During the rule of Aurangzeb, Junaid khan Barozai, head of Panni (Pashtun tribe) of Sibi was granted authority over Sibi & Kachhi area and was titled 'Bakhtiar Khan', he was succeeded by his son Mirza khan, who was officially declared a Nawab by Aurangzeb and also given administration over Shikarpur, Sindh. Nawab Mirza khan Barozai lead the Pannis successfully in initial 16 out of 18 battles fought against Khan of Kalat of Mir Ahmad Khan, during the 17th engagement at a spot called Pir Lekhan, neither sides emerged victorious but Mir Ahmad himself, and his Minister, Akhund Mohammad Saleh, were both wounded and Mir Shawaz and Mir Ibrahim, the latter an ancestor of the Nausherwani Sardar Mir Azad Khan, lost their lives. The Brahuis left the battlefield; the Pannis collected the booty, consisting of silken belts and horses of Turki and Tazi breed. Mir Ahmad Qambrani's sister named Bibo gallantly attacked the Pannis attired in male garments. She fought valiantly and was killed at the hands of Jalal Khan Panni. In 1695, the Khan of Kalat received the intelligence about the absence of Mirza Khan from Sibi. He planned a well-thought-out attack on Sibi. Skirting Sibi and Dhadar he reached unnoticed above the Silachi village of Talli, and thus caught Rahim Khan Pirani (commander of Pannis of Sibi) unprepared. The latter, shocked and surprised, faced the Qambranis on the Luni irrigation channel. For lack of initiative and timely decision on the part of Rahim Khan, Pannis lost the battle. Nawab Mirza Khan learnt about this debacle in Shikarpur. He rushed to Sibi, organized the disheartened Pannis into a fighting contingent and headed for Kalat. The Khan of Kalat gathered his forces in the fort of Kalat. After a few skirmishes both sides thought it prudent to negotiate terms. Peace prevailed between the two confederacies, which was sealed by a happy marriage of Princess Mahnaz the daughter of Mir Ahmad Qambrani with Saeed Khan Barozai Panni, brother of Mirza Khan Barozai. It was agreed upon that Brahvis of Kalat would be allowed to graze their flocks in Kachhi plains.

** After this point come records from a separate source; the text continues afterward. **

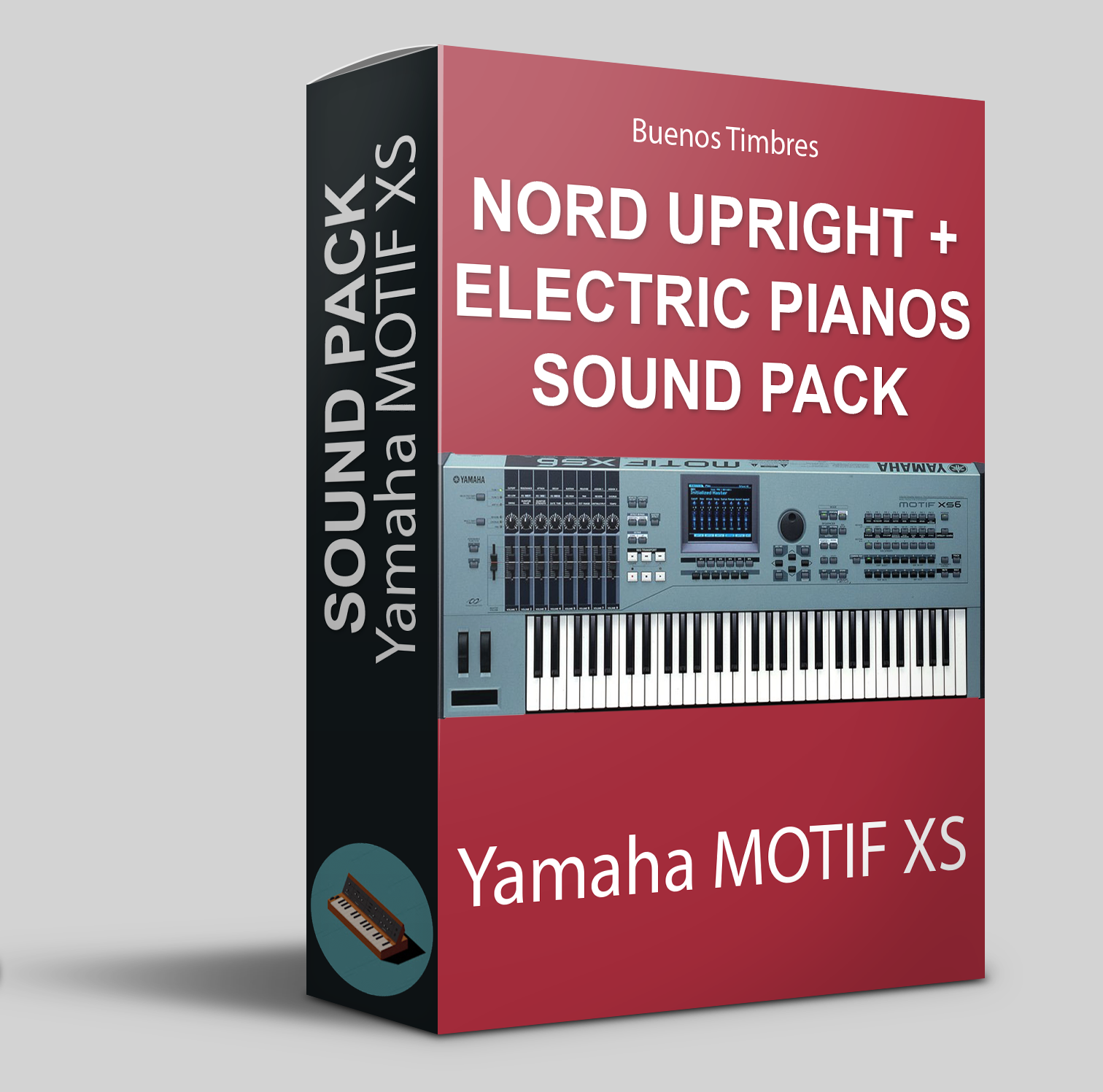Pacote de Sons Nord Upright + Pianos Elétricos para Yamaha Motif XS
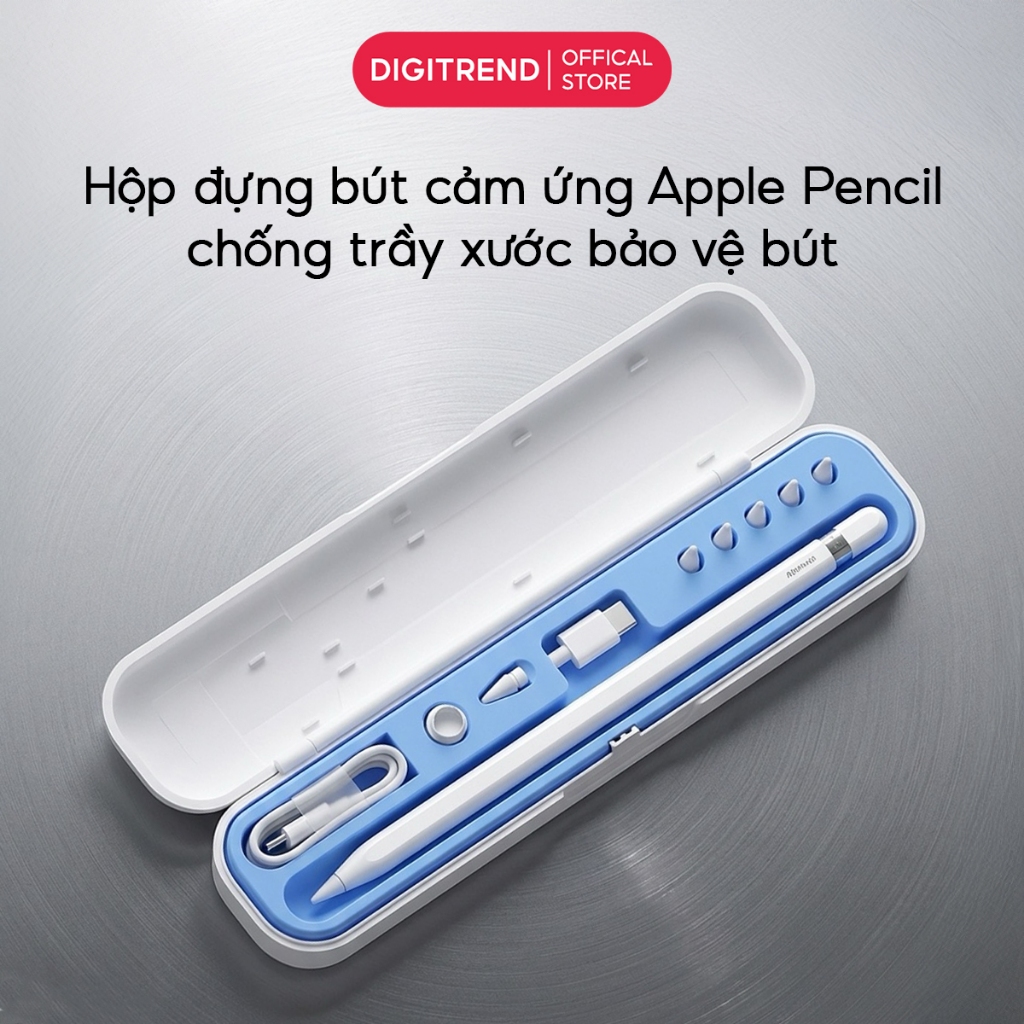 Hộp Đựng Bút Cảm Ứng Bảo Vệ Apple Penciln Chống Sốc Chống Trầy Xước Hộp Bút Apple Pencil Chia Ngăn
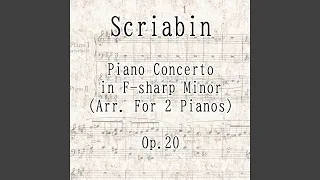 Piano Concerto in F-sharp Minor, Op.20: 2.Andante (Arr. For 2 Pianos)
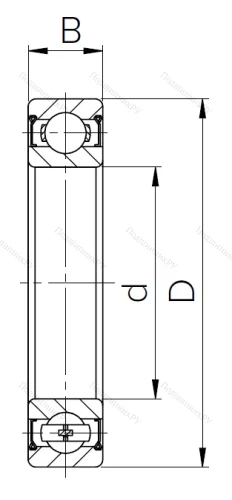 Шариковый однорядный подшипник 80108 (6008 ZZ) в Нижнем Тагиле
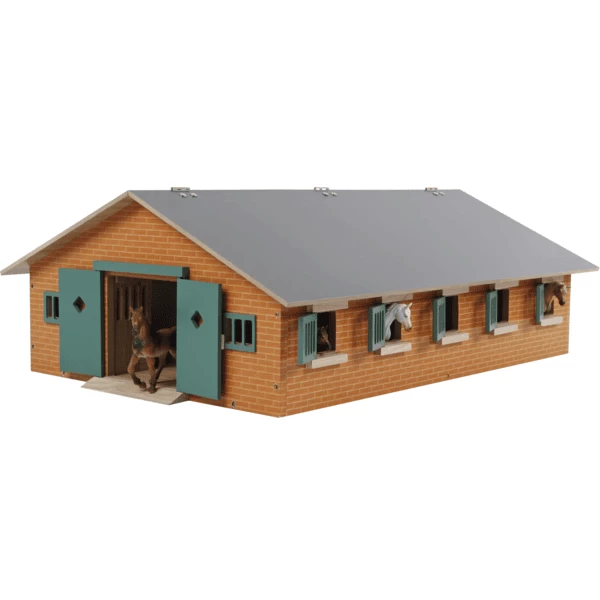 Kids Globe Farming Paard Stable Kids Globe Farming Paard Stable -SpeelgoedKorting Winkel kids globe farming paard stable a367585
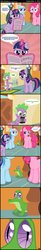 Size: 1024x6185 | Tagged: safe, artist:wildtiel, gummy, pinkie pie, rainbow dash, spike, twilight sparkle, g4, ponyville confidential, comic, tenso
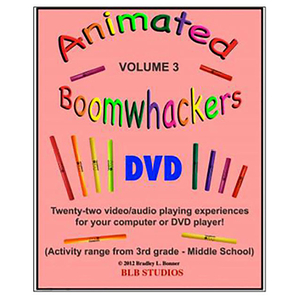Boomwhackers "Animated Boomwhackers Volume 3" DVD Only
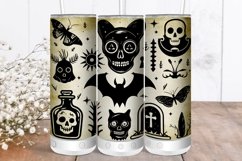 Halloween Tumbler Wrap Bundle. Tumbler Wrap Sublimatin 20 oz Product Image 9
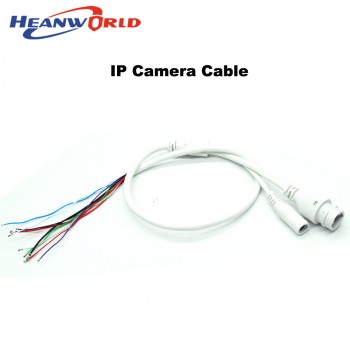 Heanworld IP camera cable for IP network camera cable replace cable RJ45 camera Cable DC12V for CCTV ip camera replace use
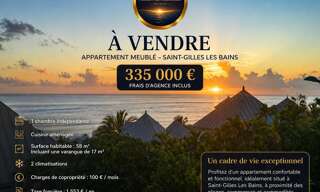 Appartement 2 Pièces 41 m² à vendre à Saint-Paul (97434)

Nawab Mirza khan Barozai was succeeded by his son Nawab Bakhtiar khan (2nd), titled 'Bakht Buland khan' by the Mughals, he fought the famous Mughal-Afghan battle of Uch in January 1702, against the Mughal forces led by Prince Muhammad Muizudin the Subahdar of Multan. Nawab Bakhtiar khan, along with 400-500 of his men, was killed.

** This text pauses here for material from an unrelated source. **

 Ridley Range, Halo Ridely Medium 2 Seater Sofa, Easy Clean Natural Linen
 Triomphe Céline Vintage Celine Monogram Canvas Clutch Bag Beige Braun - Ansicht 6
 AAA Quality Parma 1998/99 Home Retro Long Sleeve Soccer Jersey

The government over Sibi and Dhadar territory was handed over to Kalhoras of Sindh by the Mughals. During this period, Rahim Parang and Doulat Khan Barozai revolted, but the insurrection was crushed. Again Rahim, Yusuf and other Afghans revolted and succeeded in recapturing Sibi and Dhadar from Kalhoras on 25 February 1708. Kalhoras once again attacked SIWI and Dhadar and fought a battle with Pannis who were then being led by one Sardar Paniu Khan (his particulars are not known). In this battle, Panju Khan, along with many Afghans, was killed, whereas his colleagues Sabzal Khan and Doulat Khan Barozai sued for peace. Thus, Sibi and Dhadar were again, in the months of March and April 1708, restored to Kalhora rule. Pannis lost about 1000 men in the course of the 37-day-long Kalhora-Panni battle for SIWI and Dhadar. Mir Abdul Jalil Bilgrami has recorded this famous and prolonged battle in the form of a poem. All this information has been obtained from Kalhora sources like Manshurul-Wassiat & Guldasta-e-Nouras Bähär.

In 1714, Yar Muhammad Kalhoro with the title of Khuda Yar Khan acquired SIWI and Dhadar from Mughals. He was succeeded by Noor Mohammad Kalhoro also known as Khuda Yar Khan who in 1730 A.D. fought Battle of Kachhi and killed Abdullah Khan Brahvi the then Khan of Kalat somewhere near Lehri village. After Nader Shah's invasion of India, Dhadar and Kachhi (excluding Sibi plains & Sangan) were handed over to the refugee sons of Khan Kalat by Nadir Shah as compensation for the blood of Khan Abdullah Khan. During the rule of the Ahmad Shah Durrani, Panni chief Nawab Ismail Khan Barozai was handed the administration of Sibi and adjoining areas. On the death in 1753 of Mir Nur Mohammad Kalhora, Ahmad Shah Abdali made the Panni Nawab a royal representative in the newly acquired Sind Province. To quell the running dispute between Kalhoras and Daudpotras about the possession of the town of Shikarpur, it was also, once again, handed over to the Afghans of Siwi. But unfortunately, Panni Afghan forces of Nawwab Ismail Khan indulged in unworthy conduct of plundering the local populace in Sindh. As a result of this, differences arose between the Panni Nawwab and Mohammad Beg Shamlu- the royal ambassador in Sindh. This confrontation resulted in Sind province again reverting to the rule of Kalhoras. The town of Shikarpur, however, continued under the rule of the Pannis of Siwi for some more time. The town, as well as the whole area, benefited from this arrangement greatly because a brisk trade between Sindh and Siwi-Ouetta-Pishin Region on the one hand and Afghanistan and Central Asian cities on the other sprang up. This trade was, afterwards, interrupted partly because of the poor law and order situation in the then southern Afghanistan during the twenty year's rule of Taimur Shah, son of Ahmad Shah Abdali, which lasted from 1772 to 1793 A.D.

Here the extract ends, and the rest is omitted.